Merida could still see his outline, and before he could move away she stepped through the cloud and hugged him, tightly.
"Ye're not nothing, Hiccup," she said, propping her chin on his shoulder.
He struggled to get away. His heart was pounding almost as fast as hers. "You don't know what it's like – please, Merida, let me go."
"Ye think ye're the only one tha's been hurt?"
Hiccup stopped struggling.
"Ye remember the night Mother Gothel appeared and spoke to us?"
His voice was breathless. "Yes… of course I remember that."
"She tried to convince me… that I was nothing." Merida closed her eyes and remembered.
It was all too easy to summon up Gothel's pitying, overly kind face, and the honeyed tone of her voice. Who could argue with her – especially when she used paralyzing magic on Merida? The warrior princess was lying on the floor – she had never felt so weak and helpless in her life, and if it had been up to her anger, she would have leapt up and torn right through Gothel. But she was immobile and had to listen as she spoke…
"You poor, petulant child… look at how little you have become, without your toys to help you. Do you really think that Rapunzel trusts you? That Jack can stand you? That Hiccup admires you? Why would any of them want you near them? Look at yourself, Merida – a half-wild, ignorant, selfish, spoiled brat. You're a beast, plain and simple. The only thing you can do is kill. Just give it up, Princess Beast – no one will ever love you."
But that was where Gothel had made her mistake. In the depths of despair, Merida had remembered being held, and having her hair stroked, and her mother calling her "brave wee lassie," "my treasure," "little whirlwind." And she remembered that moment more clearly than she heard Gothel's words.
With that memory came others – Rapunzel's voice joining hers in song, Jack's raucous laughter at a joke she had made – and Hiccup's smile, that shyly proud look that he wore only when he looked at her. And these memories, touches, smiles, gave her the strength to resist the spell Gothel had put on her, to move again, and to crawl, arm over arm, away from him – until Hiccup and Toothless and Toothiana had arrived and taken her to safety.
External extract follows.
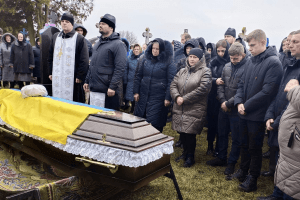 На Волині попрощалися із батьком двох дітей, який загинув на Харківщині (Відео)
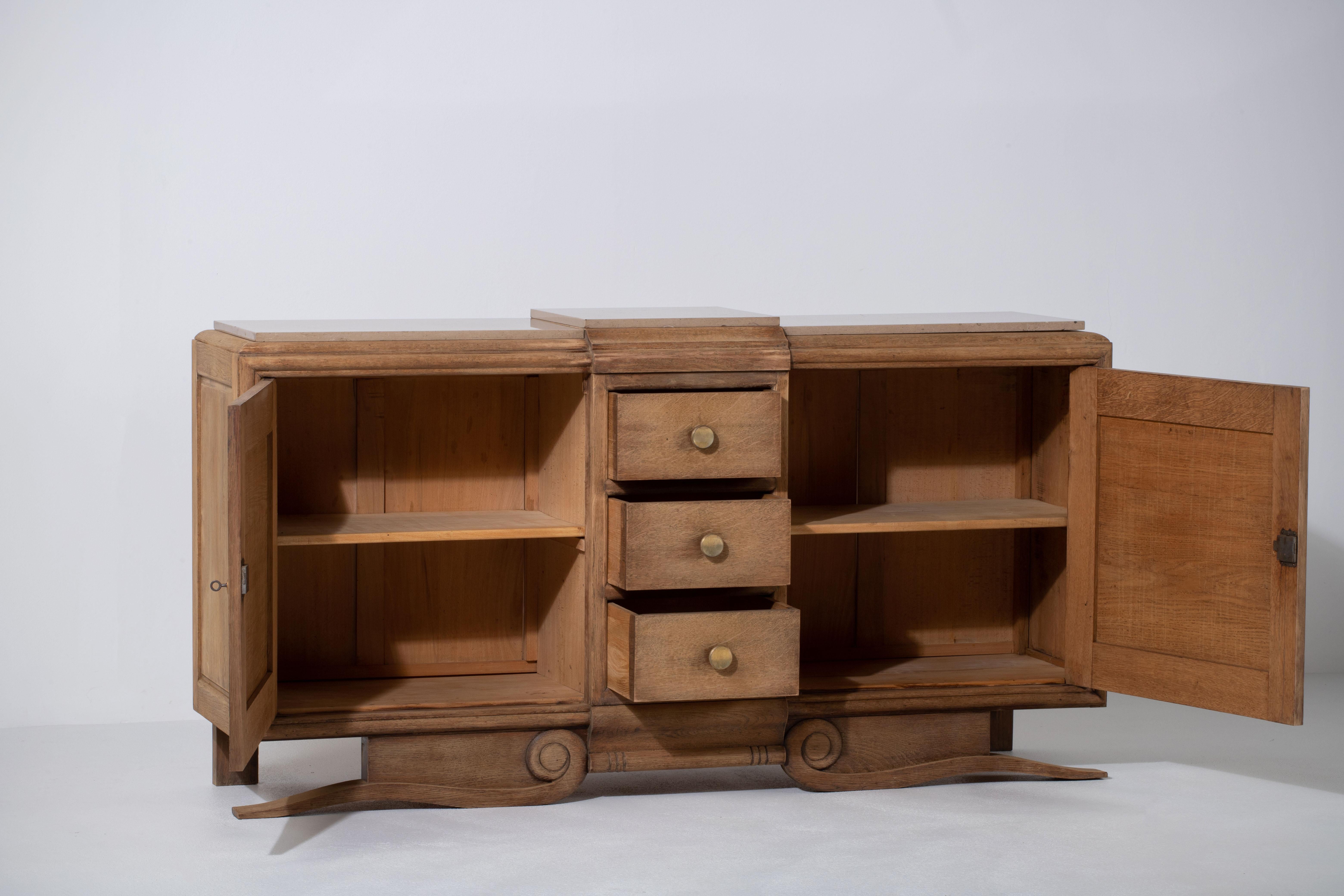 Raw Solid Oak Cabinet, France, 1940s In Good Condition For Sale In Wiesbaden, DE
She didn't know how to tell Hiccup all of this – words weren't her strong point, and they never had been. But dark magic had to be fought, and if words alone didn't work… Instead, she relaxed her hold on him, and began to sing: "A naoidhean bhig, cluinn mo ghuth…" She turned him towards her, so that as the clouds cleared away they were facing each other in the moonlight. "Mise ri d' thaobh, o mhaighdean bhan." Hiccup's face was scrunched up and looking like he was trying not to cry. She cupped her fingers around his face until he looked up at her. He gave a weak smile, and in the middle of a line, she stopped singing and kissed him. It was the first time she'd ever kissed a boy, and it was awkward and squishy and featured some unnecessary fumbling with noses – but it had the desired effect. When she broke away, Hiccup was staring in shock – and she was smiling like an idiot.
"Merida!" he whispered.
"Hiccup!" she replied.
There was a susurrus in the air, like a hundred tiny sighs.
Merida looked to one side and Hiccup looked to the other. Tiny tooth fairies were assembled around them, floating in midair like lovesick pollen. Some were swooning, most were simply smiling with a dopey look on their faces.
"What're you lot looking at?" Merida asked them, and Hiccup started to laugh. It was so infectious that Merida joined in, and then together they set out to find to a more private place.
There was still a war on – still a lost dragon to redeem, allies to cooperate with, and a kingdom or two to save – but for now, there was each other, and something beautiful and bright between them, and the silver-plated clouds rolling gently through the night air.